Here's how I think about it: geopolitical risk of this kind is not a binary. It doesn't price in gradually and then spike on the day, it reprices in sudden, discontinuous jumps when the perceived probability of a bad outcome shifts. The practical implication is that TSM will trade at a persistent discount to what its fundamentals alone would justify, because the market can never fully trust that the discount is temporary. That's not a flaw in the thesis. It's the cost of admission.

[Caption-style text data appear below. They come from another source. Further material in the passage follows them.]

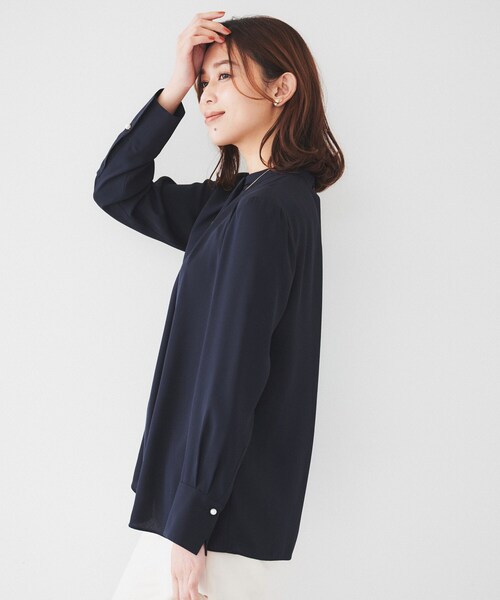 DAMA collection シルクジョーゼット　タックフレアブラウスブラック カットソー裏地付】フロントタックジョーゼットフレア5分袖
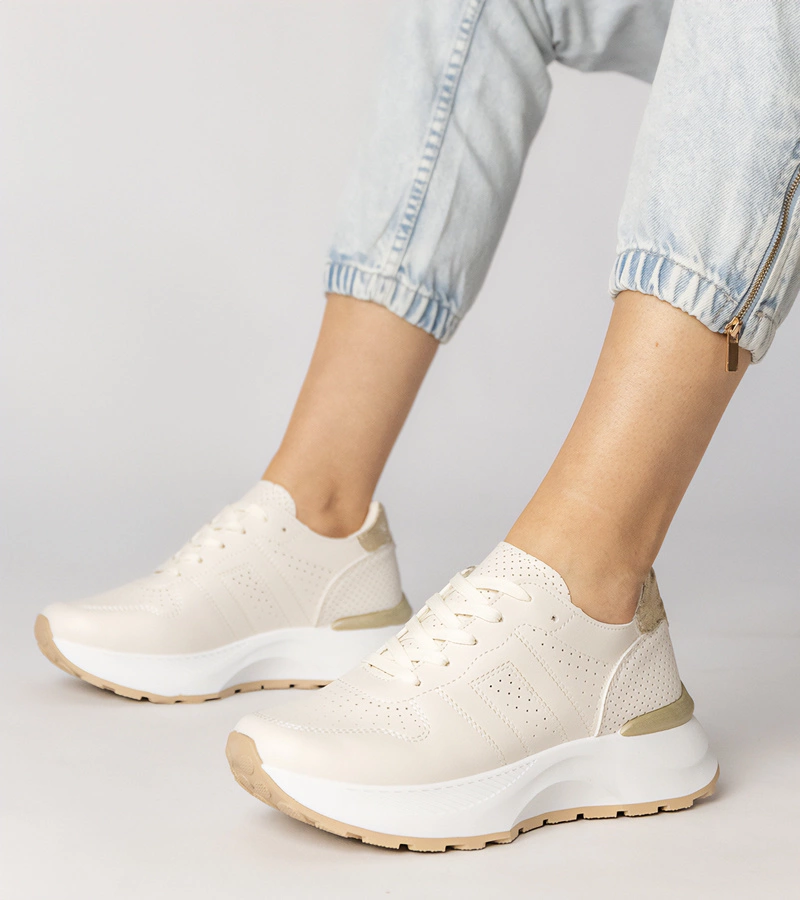 Adidași sport bej cu inserție aurie Lenkuta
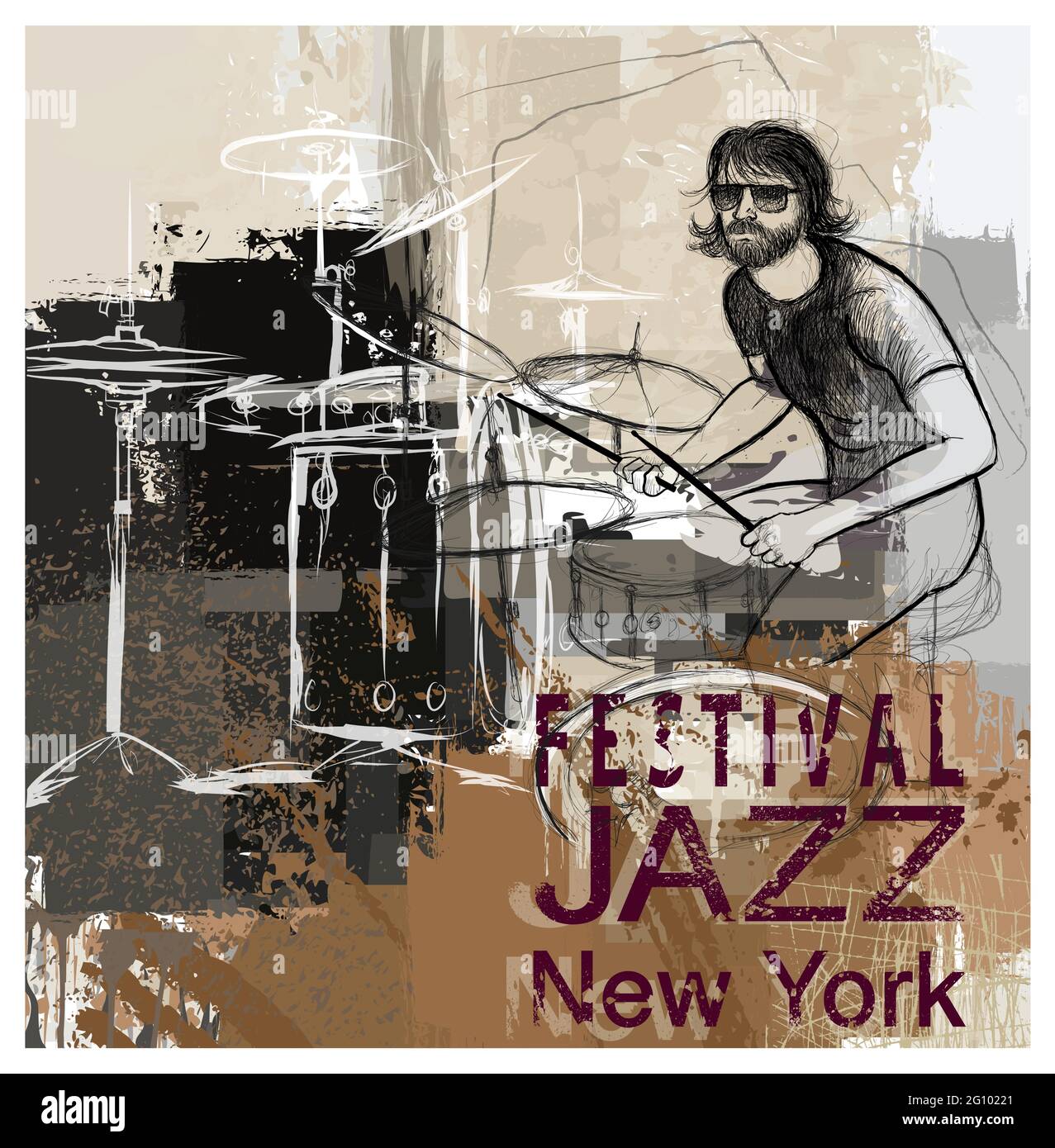 Drummer over grunge background - vector illustration Stock Vector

The question isn't whether to hold a company with 80% of production on a contested island. The question is whether your position size reflects the possibility that a tail event even a low-probability one would mean not just a drawdown but an extended period of manufacturing disruption with no clear recovery timeline. If you wouldn't be able to hold through that scenario, your position is too large. Full stop.
🤖 AI Demand Durability
The single largest bull assumption baked into TSM's current valuation is that hyperscaler AI spending doesn't slow. Watch what Nvidia, Microsoft, and Meta say in their own upcoming earnings calls, they are the leading indicators for TSMC's forward demand pipeline. If more efficient model architectures begin reducing raw compute requirements per dollar of output, TSMC's fastest-growing segment absorbs that directly.
💥 My Take
The moat is real. The margins are real. The demand is real.
But here's the thing that the bull case tends to gloss over: a company with 90% advanced-node market share, 48% net margins, and zero credible competitors trades at roughly 22x forward earnings, a discount to the S&P 500 average. The market is not ignoring the fundamentals. It's pricing in the island.
That gap between what the business is worth on its own merits and what the geopolitical overhang implies is, depending on your view of cross-strait risk, either the most interesting entry point in large-cap tech or exactly the right discount.
My view: it's the former, conditionally. The condition is sizing. TSM at 3–5% of a diversified portfolio, held with a five-year minimum horizon and full awareness of the Arizona sequencing drag, is a compelling position. TSM chased at all-time highs with a short time horizon and no real framework for the geopolitical exposure is a different trade entirely, and one that will test you at exactly the wrong moment.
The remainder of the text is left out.